[Stored items]
=== Section Start ===
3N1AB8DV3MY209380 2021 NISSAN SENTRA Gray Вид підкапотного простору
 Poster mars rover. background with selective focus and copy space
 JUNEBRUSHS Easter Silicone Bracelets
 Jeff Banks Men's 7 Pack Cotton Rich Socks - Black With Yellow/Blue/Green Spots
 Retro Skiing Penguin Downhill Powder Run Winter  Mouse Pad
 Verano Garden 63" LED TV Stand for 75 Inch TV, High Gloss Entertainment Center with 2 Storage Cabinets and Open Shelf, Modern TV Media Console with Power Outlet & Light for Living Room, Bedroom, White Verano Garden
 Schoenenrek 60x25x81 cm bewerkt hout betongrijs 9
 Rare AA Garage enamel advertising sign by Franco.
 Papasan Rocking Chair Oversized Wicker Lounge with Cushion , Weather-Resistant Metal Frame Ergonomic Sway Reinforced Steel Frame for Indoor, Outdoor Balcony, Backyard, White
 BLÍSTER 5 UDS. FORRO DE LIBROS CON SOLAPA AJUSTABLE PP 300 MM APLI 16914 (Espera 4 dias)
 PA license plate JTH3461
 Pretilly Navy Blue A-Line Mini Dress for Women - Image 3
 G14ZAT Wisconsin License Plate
=== Section End ===
_ACTIVITY_
Exactly reproduce the lines that run from the line with "Retro Skiing Penguin" through the last line of the records, inclusive.

_FINISHED EXERCISE_
 Retro Skiing Penguin Downhill Powder Run Winter  Mouse Pad
 Verano Garden 63" LED TV Stand for 75 Inch TV, High Gloss Entertainment Center with 2 Storage Cabinets and Open Shelf, Modern TV Media Console with Power Outlet & Light for Living Room, Bedroom, White Verano Garden
 Schoenenrek 60x25x81 cm bewerkt hout betongrijs 9
 Rare AA Garage enamel advertising sign by Franco.
 Papasan Rocking Chair Oversized Wicker Lounge with Cushion , Weather-Resistant Metal Frame Ergonomic Sway Reinforced Steel Frame for Indoor, Outdoor Balcony, Backyard, White
 BLÍSTER 5 UDS. FORRO DE LIBROS CON SOLAPA AJUSTABLE PP 300 MM APLI 16914 (Espera 4 dias)
 PA license plate JTH3461
 Pretilly Navy Blue A-Line Mini Dress for Women - Image 3
 G14ZAT Wisconsin License Plate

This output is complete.